The U.S. Food and Drug Administration (FDA) today filed a notice in the Federal Register, asking for comments on a proposed ban on trans fats in processed foods. On its website, the FDA says labeling of partially hydrogenated oils (PHOs) has made consumers more aware of trans fats, but says The Center for Disease Control and Prevention estimates that a further reduction of trans fat in the food supply can prevent an additional 7,000 deaths from heart disease each year and up to 20,000 heart attacks each year.
FDA says in recent years, many food manufacturers and retailers have voluntarily decreased trans fat levels in many foods and products they sell. "Trans fat can be found in some processed foods, such as certain desserts, microwave popcorn products, frozen pizzas, margarines and coffee creamers. Numerous retailers and manufacturers have already demonstrated that many of these products can be made without trans fat," it states.
Following a review of the submitted comments, if the FDA finalizes its preliminary determination, PHOs would be considered "food additives" and could not be used in food unless authorized by regulation. If such a determination were made, the agency would provide adequate time for producers to reformulate products in order to minimize market disruption.
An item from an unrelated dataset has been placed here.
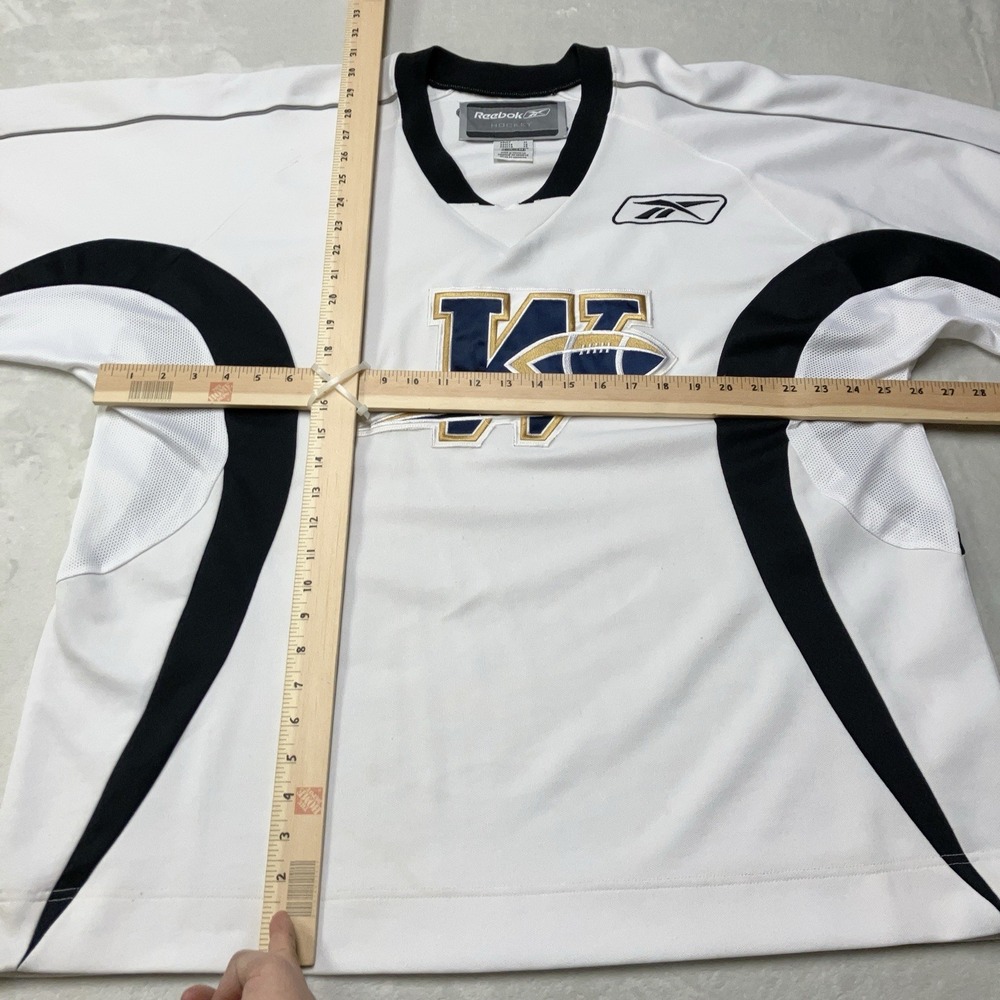 Vintage Winnipeg Blue Bombers HOCKEY CCM Reebok Jersey White CFL Football Men XL - Picture 12 of 12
The FDA’s preliminary determination is only with regard to PHOs and does not affect trans fat that naturally occurs in small amounts in certain meat and dairy products.
In a statement, the Grocery Manufacturers Association said the industry has dramatically reduced the amount of trans fats in food products. "Through our efforts at product reformulation and the development of suitable alternatives, trans fats that are not naturally occurring have been drastically reduced in the food supply," according to the statement. "Consumers can be confident that their food is safe and we look forward to working with the FDA to better understand their concerns and how our industry can better serve consumers."
The Federal Register notice will be open for comment for 60 days and is available at this link.